━━ WORKING DATA ━━

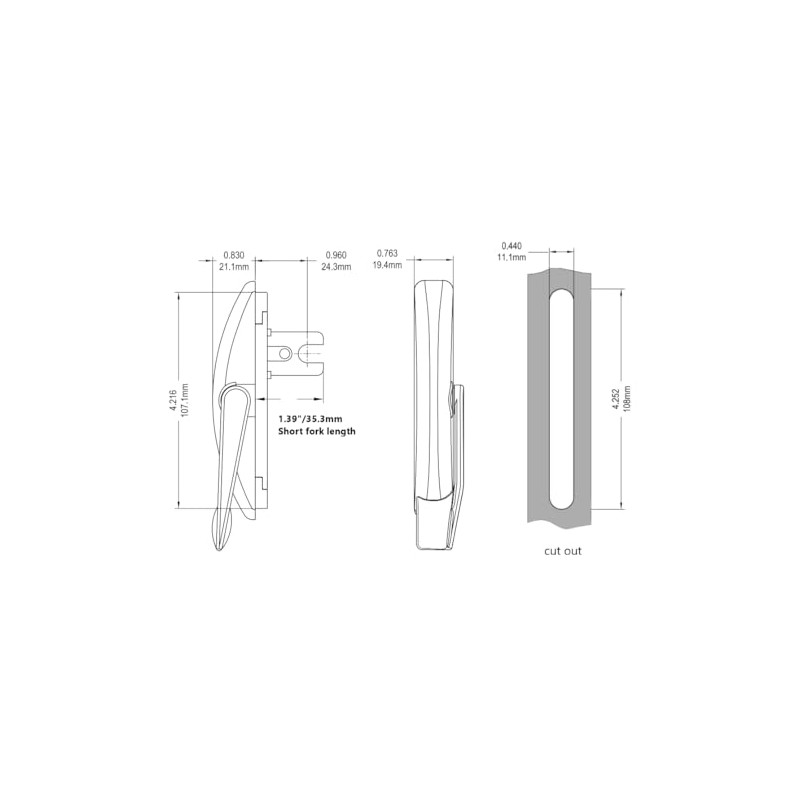 ACME window hardware Multi Point Locking Handle, Short Fork Length,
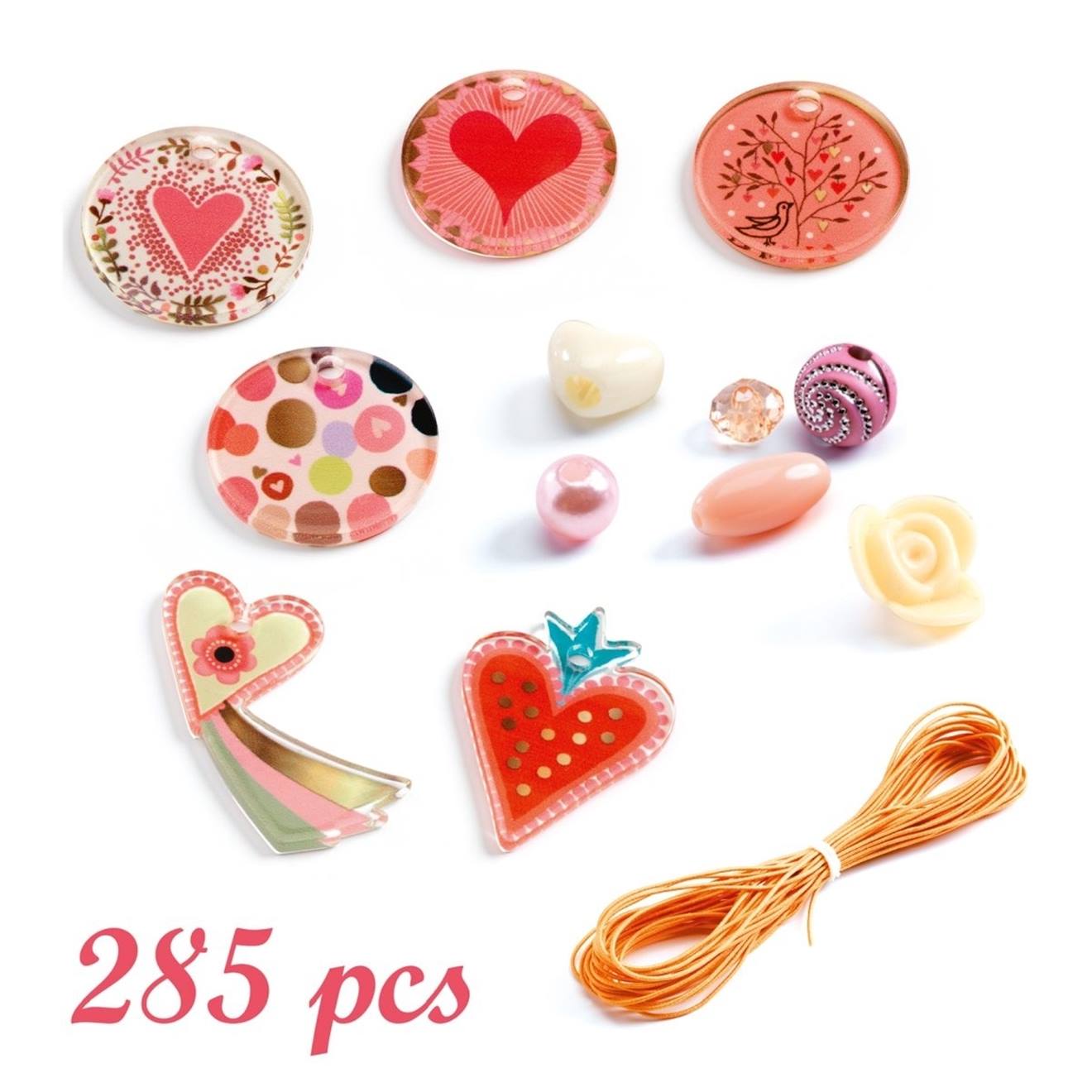 Perles fantaisies coeur rose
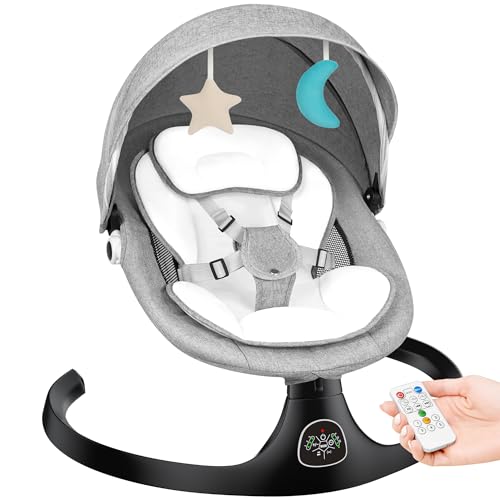 Image of Electric Baby Swing for Infants Portable Baby Bouncer Rocker with 5 Speeds, 10 Lullabies Music Remote Control Indoor & Outdoor Use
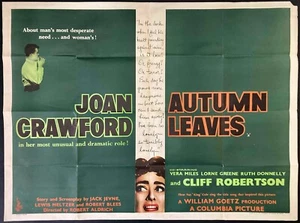 Autumn Leaves Original Quad Movie Film Cinema Poster Joan Crawford 1956 - Picture 1 of 9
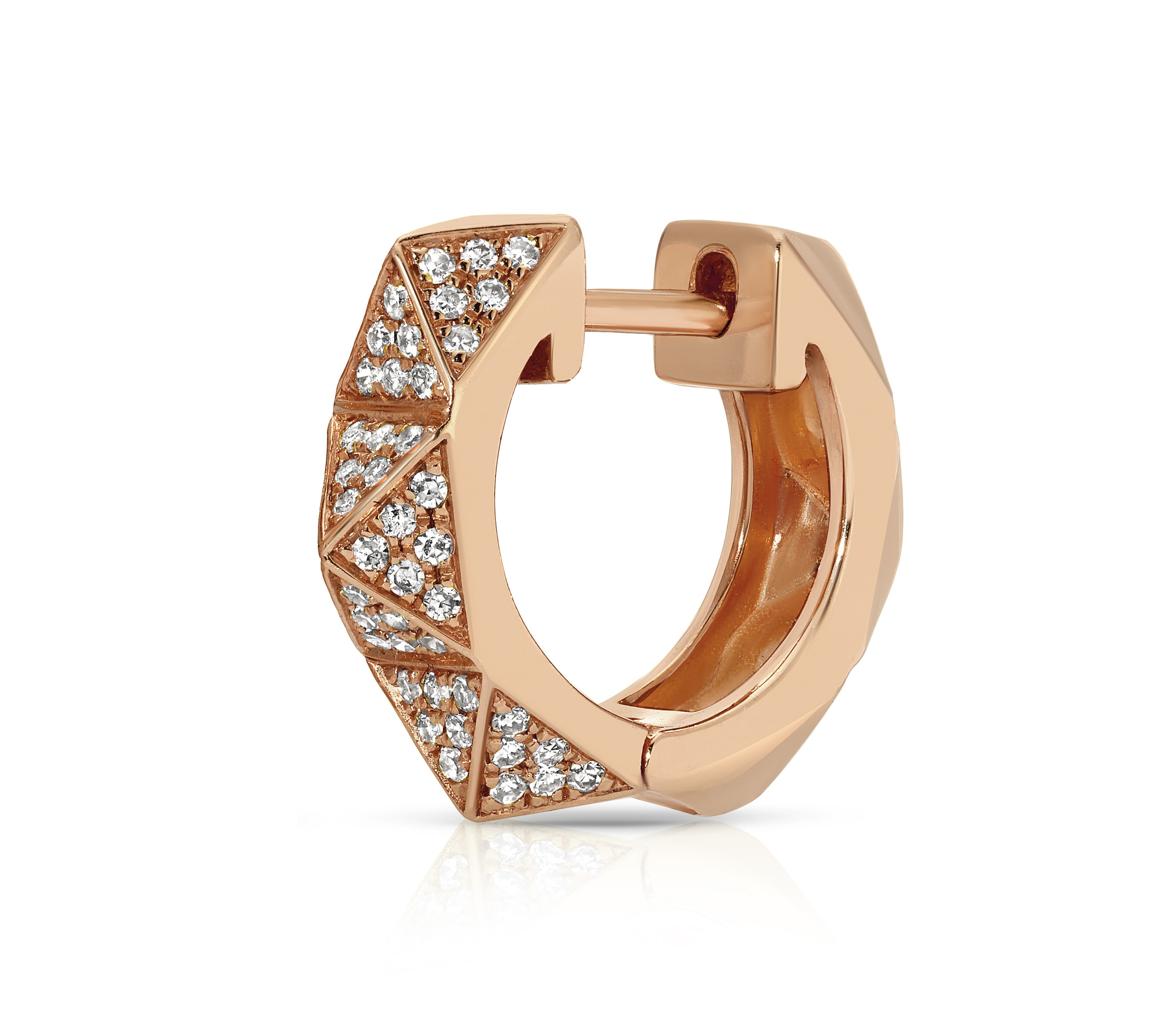Pave Diamond Pyramid Spike Huggies Huggie Earrings Roseark Deux Single Rose gold
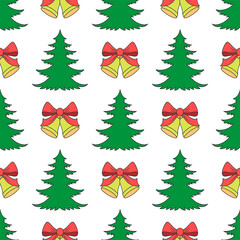 Seamless winter background with Christmas bells and fir trees on a white background.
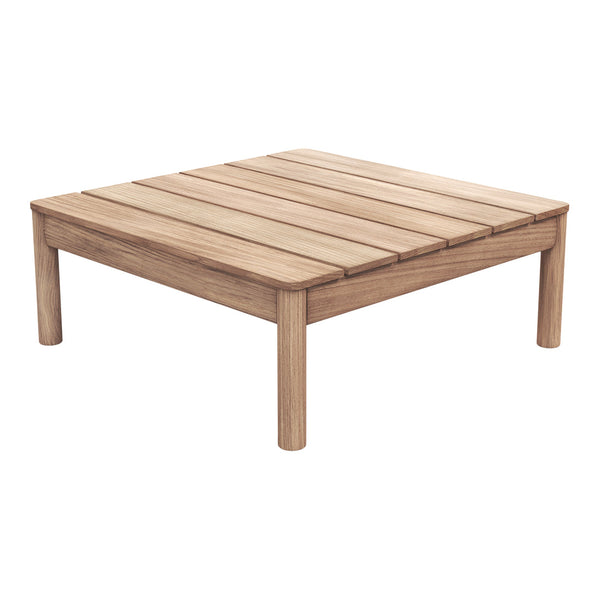 Natural light brown wooden square coffee table with slatted design and smooth finish. Ideal for modern decor.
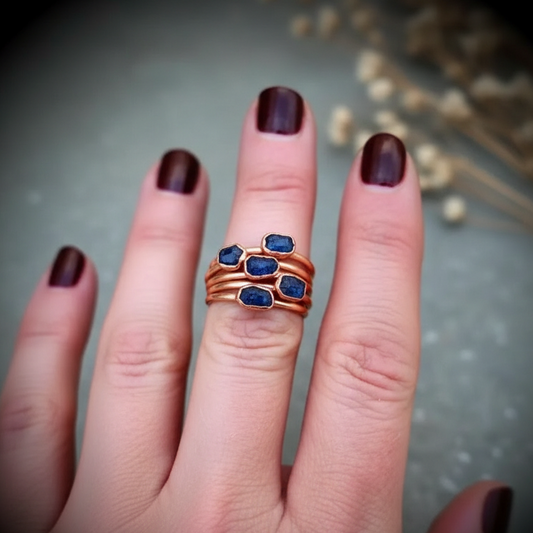 Raw Sapphire Ring Stacked Hand Shot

━━━

◆ ACTIVITY:
Retype each entry exactly as it appears, excluding any image.

◆ RESULT FOR THIS TASK:
 ACME window hardware Multi Point Locking Handle, Short Fork Length,
 Perles fantaisies coeur rose
 Image of Electric Baby Swing for Infants Portable Baby Bouncer Rocker with 5 Speeds, 10 Lullabies Music Remote Control Indoor & Outdoor Use
 Autumn Leaves Original Quad Movie Film Cinema Poster Joan Crawford 1956 - Picture 1 of 9
Pave Diamond Pyramid Spike Huggies Huggie Earrings Roseark Deux Single Rose gold
 Seamless winter background with Christmas bells and fir trees on a white background.
 Natural light brown wooden square coffee table with slatted design and smooth finish. Ideal for modern decor.
 Raw Sapphire Ring Stacked Hand Shot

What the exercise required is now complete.